I'm coming to think that whatever we are beginning here, it will mean breaking "new ground." In the past, social capital was earned and spent in order to help us survive in the physical world. It was the kind of social capital that helped provide necessary goods and services for ourselves, our families and our communities: It provided economic goods in the traditional sense of that term. Post-modern social capital, on the other hand--though it will certainly also traffic in traditional economic goods--will have to include a relatively new, "psychical" form of economic good, as well. Our physical needs are no longer our primary concern. What we "want" is an intentional community in which the higher needs of being human (on the higher rungs of Maslow's hierarchy, if you like) are the primary concern. The kind of economic goods we will want to produce and trade in are those that are conducive to the actualization of our higher human potentialities. These kinds of economic goods are less tangible, of course.

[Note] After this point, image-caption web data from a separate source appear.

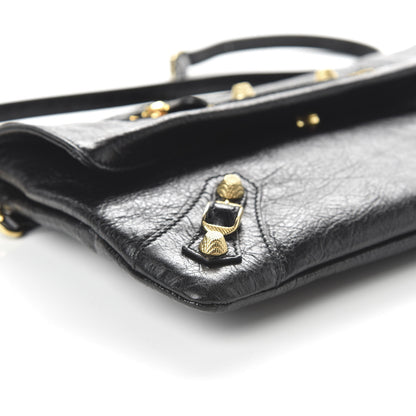 Balenciaga Agneau Giant 12 Gold Hardware Envelope Strap Clutch Black 6 of 10
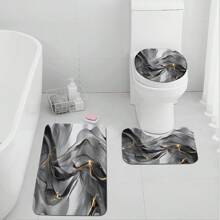 1pc Modern Home Decor Ink Painting Pattern Bathroom Toilet Mat Set, Anti-Slip Thick Soft Carpet Bathroom Mat Room Decor Bathroom Accessories Back To School
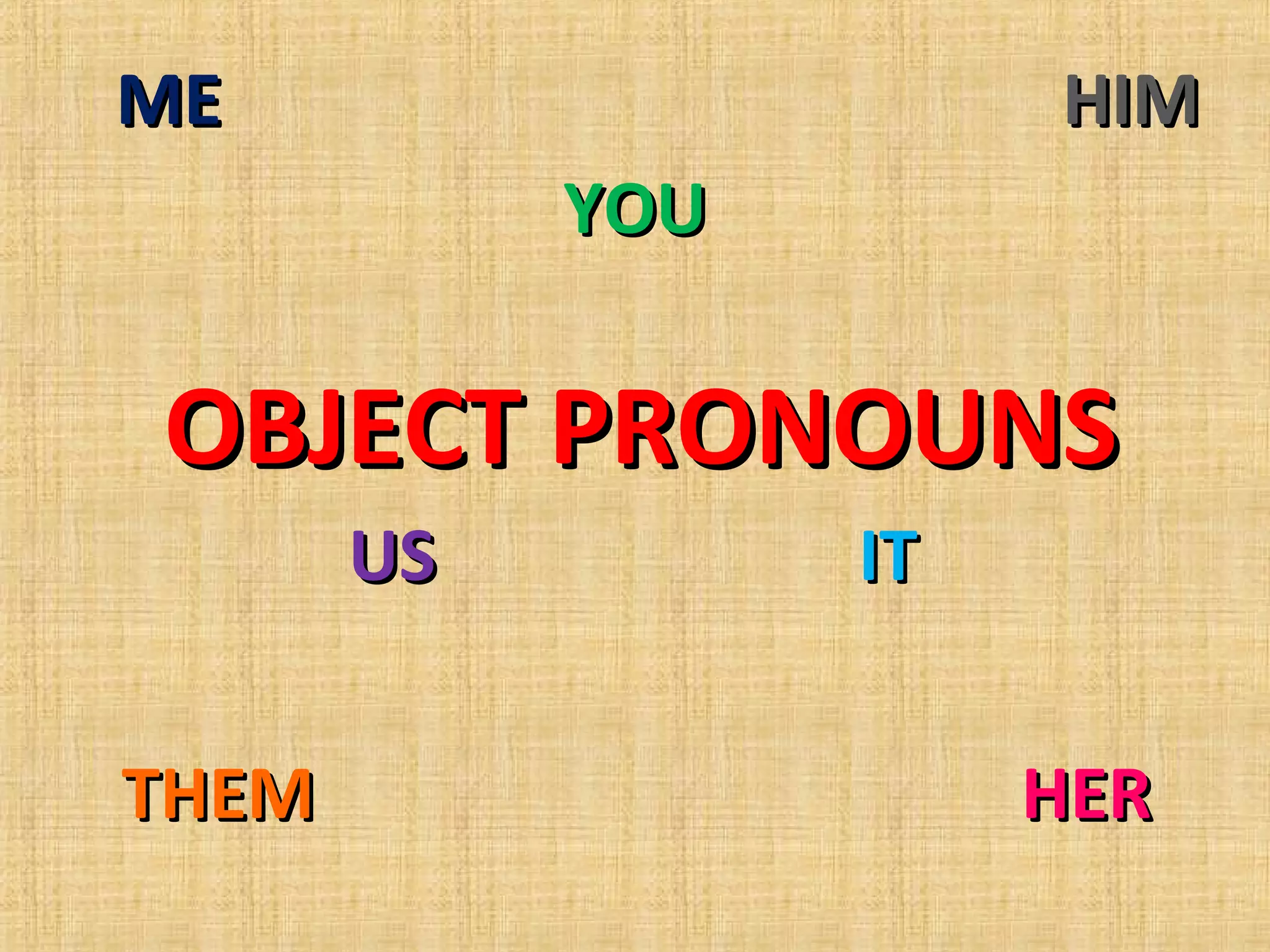 ME HIM
YOU
OBJECT PRONOUNS
US IT
THEM HER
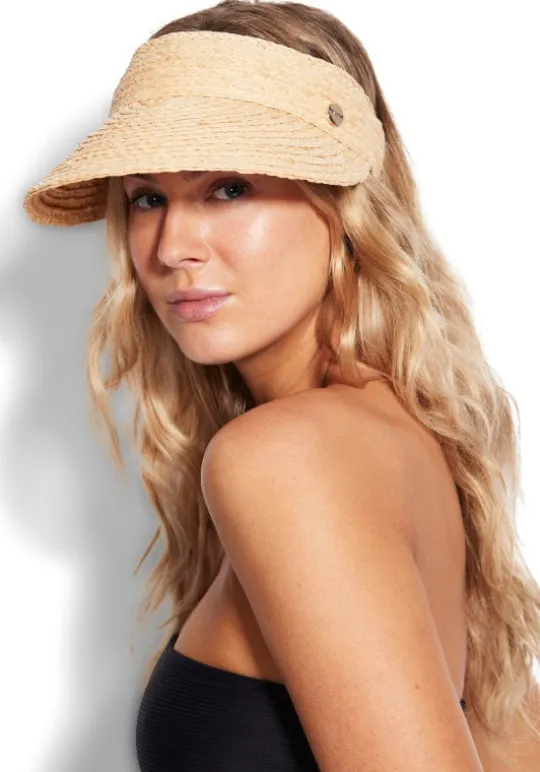 Seafolly Raffia Visor Natural Hot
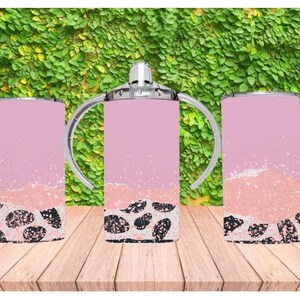 Pink Cow Glitter Sippy Cup Design: 12 Oz Kids Tumbler PNG (Digital Download)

From this point of view, it may not be necessary to speak of "social capital," per se, at all. We're talking about a community in which each member feels fully empowered to "be themselves," a community sophisticated enough to provide the psychological security in which each member will feel free to discover what "being themselves" might actually mean, in ways that may not have been previously possible in their lives, in the absence of community, or in the absence of community in this full sense--community that embraces all of each of us. That may sound a bit vague and airy-fairy, but I'm still working on it...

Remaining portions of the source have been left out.